What you should do
Retype every line from the top of the entries down to the one with "Agami Balıkçılı - ML645613105", both included, and skip the pictures.

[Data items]
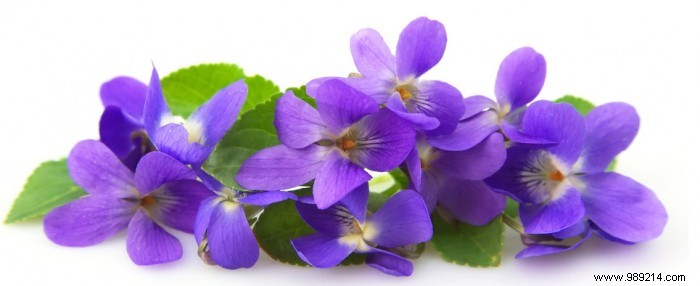 Edible Flowers: Turn Your Garden into a Flavorful Feast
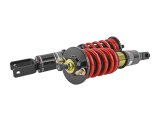 Skunk2 96-00 Honda Civic Pro-ST Coilovers (Front 10 kg/mm - Rear 10 kg/mm) thumbnail 5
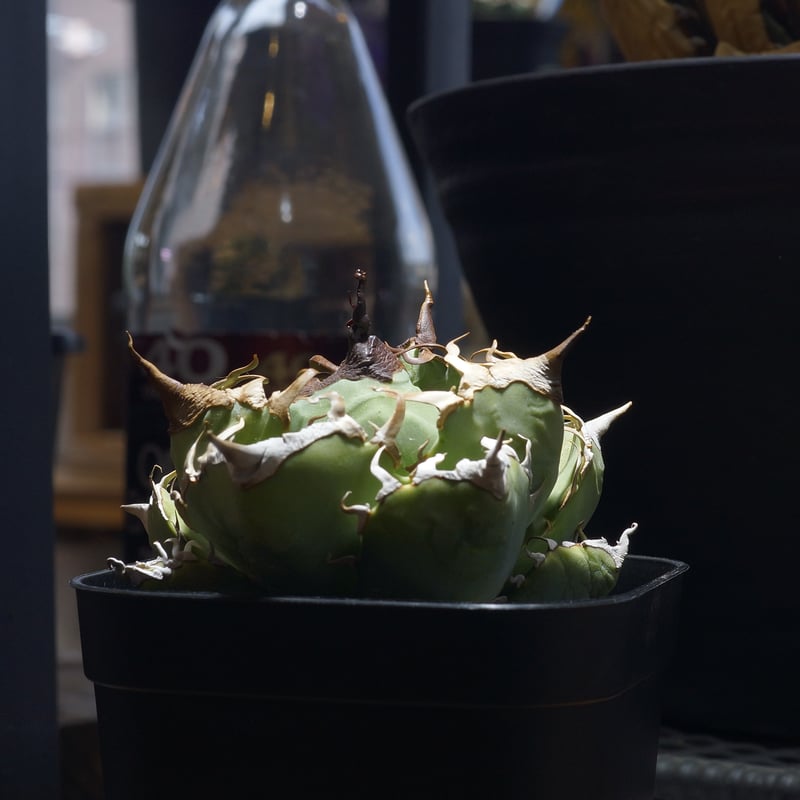 アガベ チタノタ 魔丸 / MG-19 | アガベ専門店 モンスターハウス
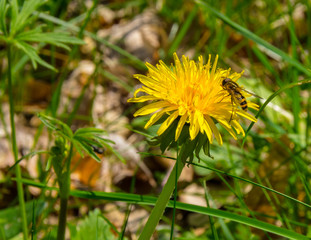 Eine Biene ist im Frühling auf einer Blüte gelandet und sammelt Nektar ein.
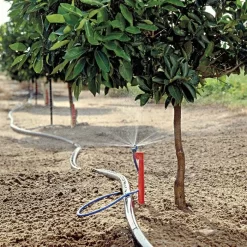 Maxijet Irrigation Ag Spray Stake Assembly, 12ft Diameter, Package Of 25 -Beautiful Garden max36 citrus fieldshot 1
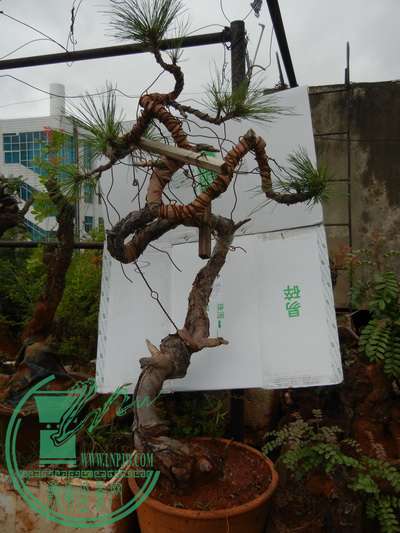ws 001.JPG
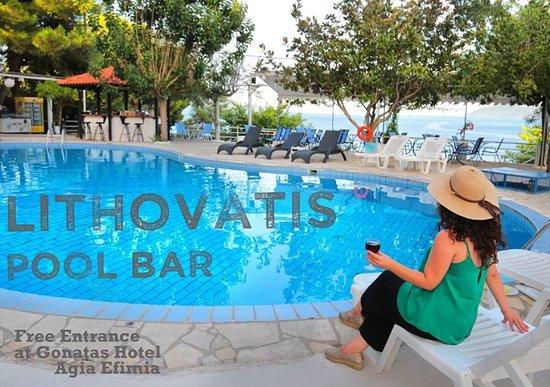 Lithovatis Poolbar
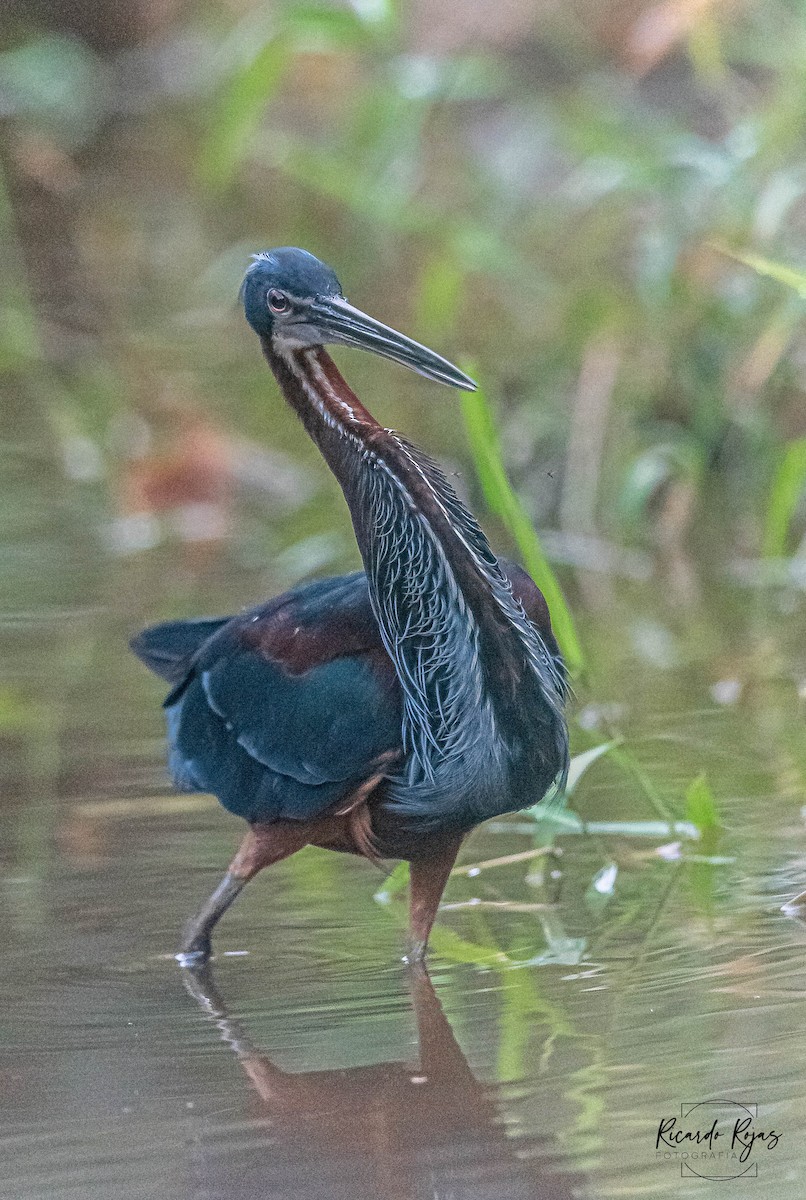 Agami Balıkçılı - ML645613105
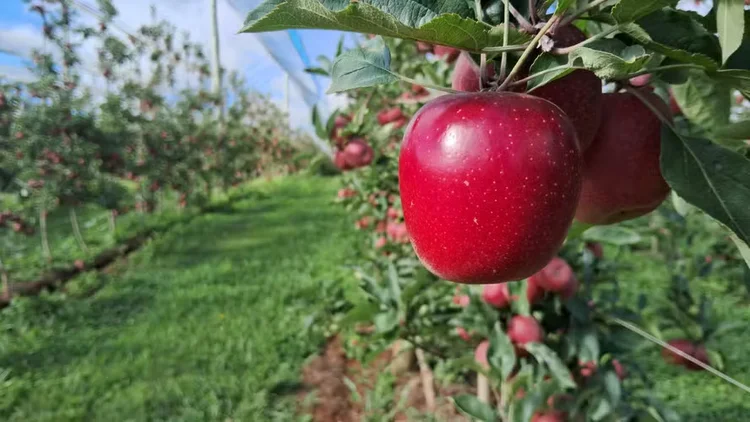 Pomar da Rasip Agro, em Vacaria, no Rio Grande do Sul  (Divulgação)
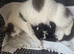 Stunning kittens for reservation/sale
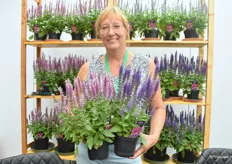 Erna Klopof Andre De Gruyter bv, presenting Salvia Rianne Pink and Salvia Rianne Purple. Two new own bred, characterized by their sturdiness and full flowering. They are still looking for a propagator who wants to add them to their assortment.  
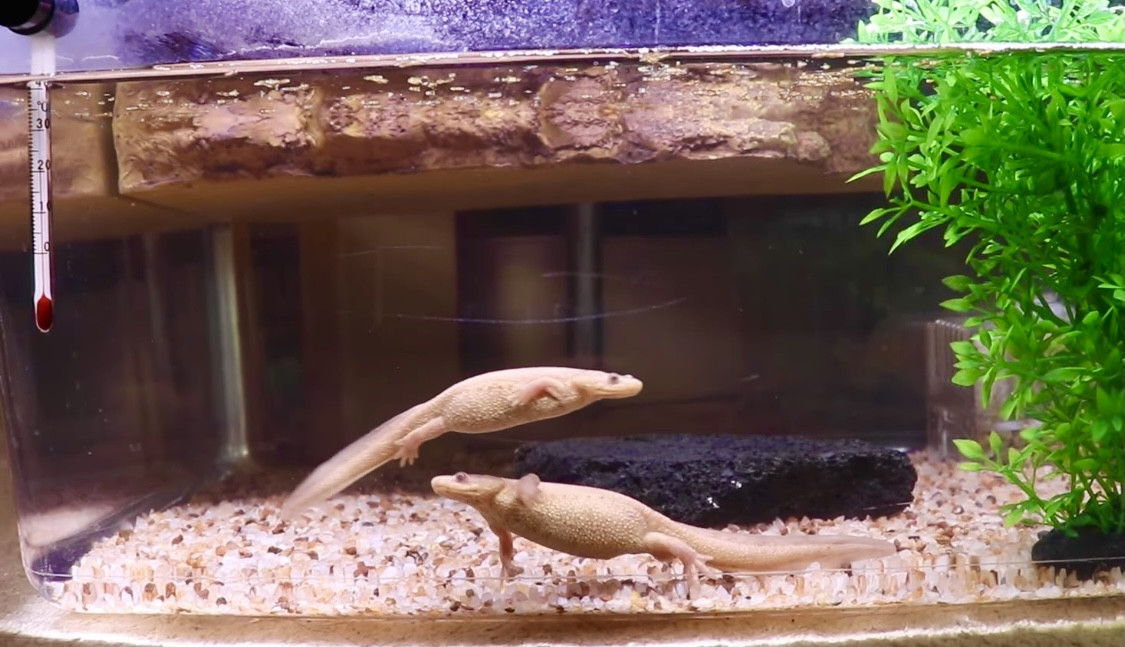 イベリアトゲイモリの飼育環境 投稿者 ふじぴこさん No 23 Viva 飼育環境共有サイト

Result for this exercise
 Edible Flowers: Turn Your Garden into a Flavorful Feast
 Skunk2 96-00 Honda Civic Pro-ST Coilovers (Front 10 kg/mm - Rear 10 kg/mm) thumbnail 5
 アガベ チタノタ 魔丸 / MG-19 | アガベ専門店 モンスターハウス
 Eine Biene ist im Frühling auf einer Blüte gelandet und sammelt Nektar ein.
 Maxijet Irrigation Ag Spray Stake Assembly, 12ft Diameter, Package Of 25 -Beautiful Garden max36 citrus fieldshot 1
ws 001.JPG
 Lithovatis Poolbar
 Agami Balıkçılı - ML645613105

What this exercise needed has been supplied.